L’auteur s’est donc volontairement noyé dans l’œuvre de celui qui s’était terriblement entêté à faire ce qu’il voulait faire. Tout le reste l’ennuyait terriblement. Il quitta la peinture figurative comme ceux qui répondaient aux rêves d’artistes influencés par les modes, les courants et les tendances mises sur le marché par les galeristes.
Masson, comme le rappelle Noël, fut irrémédiablement attiré vers des hauteur. Parfois, en avançant sur un fil tendu, tenant bon et sans baisser les bras pour ne pas tomber. Ces textes réunis prouvent que cette peinture fut aux limites plus ou moins proches de la spontanéité, décrivant les champs d’action de ses libertés, en étant pas seulement spontanée, ni gestuelle, ni automatique… ni exploration des conditions matérielles, de la plastique des matériaux et de leurs effets, esthétiques ou autres.
Sa vitalité est ailleurs, elle est générée par des forces, une nécessite la simplification et de la sophistication suprême.

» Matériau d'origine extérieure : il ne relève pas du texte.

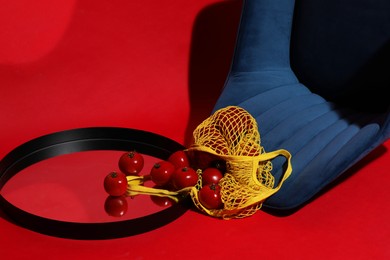 Photo of Creative still life with overturned dark blue armchair, net bag, tomatoes and mirror on red background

En creusant tous les contours, toutes les profondeurs, il sut s’apprivoiser, se rapprocher de la maîtrise et rejoindre le plus possible le soi, donc l’autre sans conventions. Quant à Noël, il sut mettre son cœur avec des mots sans cœur selon une écriture « pontive ».
De plus et surtout, l’art comme action de Masson fut la réalité de l’existence. Il a tendu ses toiles jusqu’à en faire des supports musicaux, des « pads » pour que les sonorités rebondissent et que les vibrations de formes soient favorisées. A sa manière, l’auteur l’a dit mais son oeuvre est devenue une pierre d’achoppement de sa poétique.
jean-paul gavard-perret
Bernard Noël, Là, il y aura oracle (Pour André Masson), Préface de Michel Surya, Atelier Contemprain, Strasbourg, 5 avril 2024, 256 p. — 95,00 €.